*** RAW DATA Section Begins ***

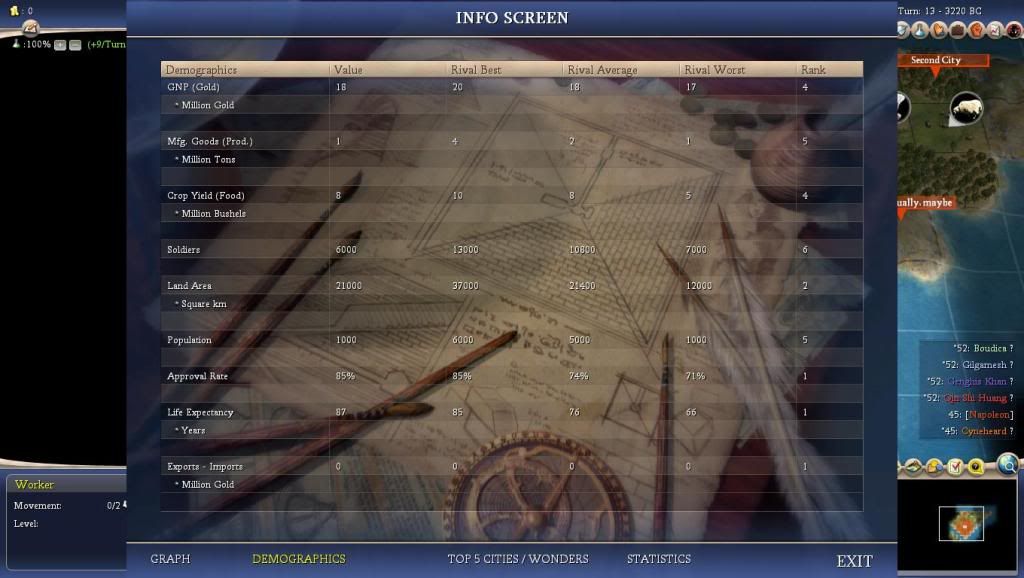 [Image: Civ4ScreenShot0008.jpg]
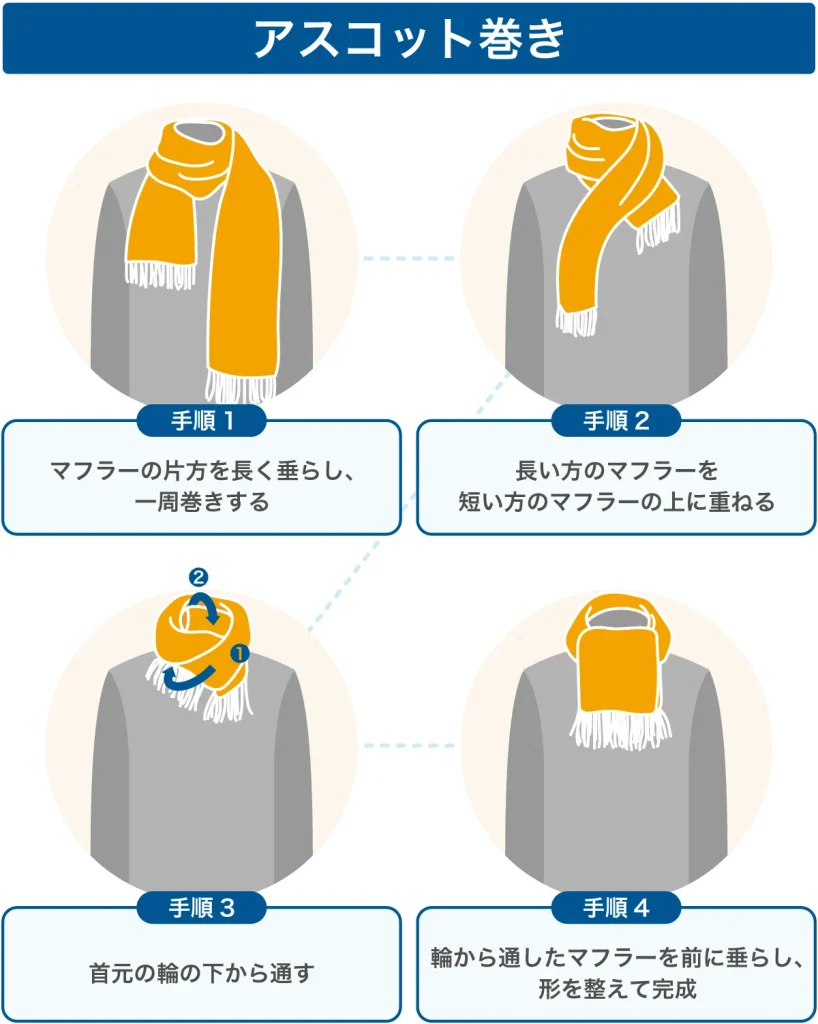 アスコット巻き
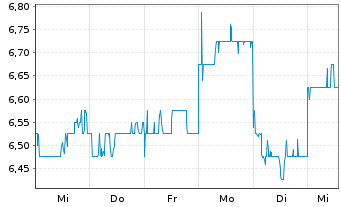 Chart Nagase & Co. Ltd., The - 1 Woche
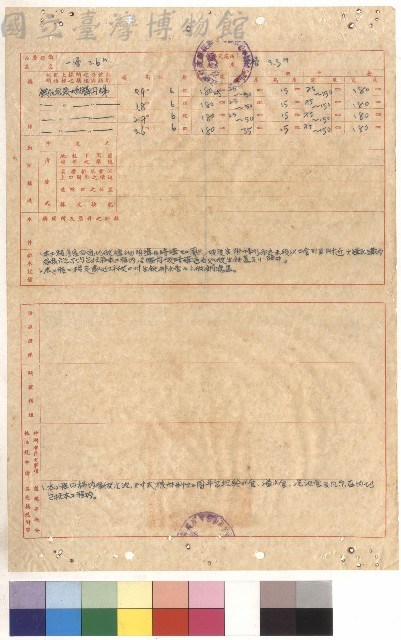 null藏品圖，第1張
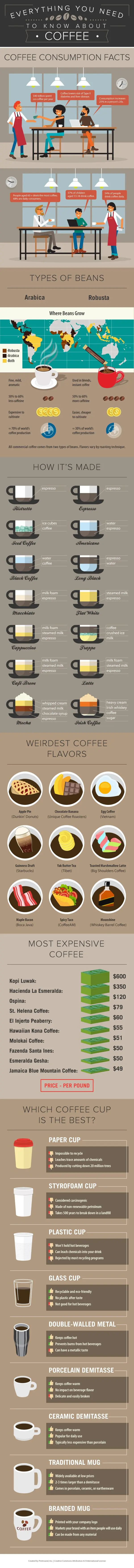 The Ultimate Coffee Infographic: Everything You Need to Know About Coffee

*** RAW DATA Section Ends ***

▸ HOW TO COMPLETE THIS TASK
For this exercise, transcribe the data above line by line, exactly, with pictures omitted.

▸ RESPONSE
 [Image: Civ4ScreenShot0008.jpg]
 アスコット巻き
 Chart Nagase & Co. Ltd., The - 1 Woche
 null藏品圖，第1張
 The Ultimate Coffee Infographic: Everything You Need to Know About Coffee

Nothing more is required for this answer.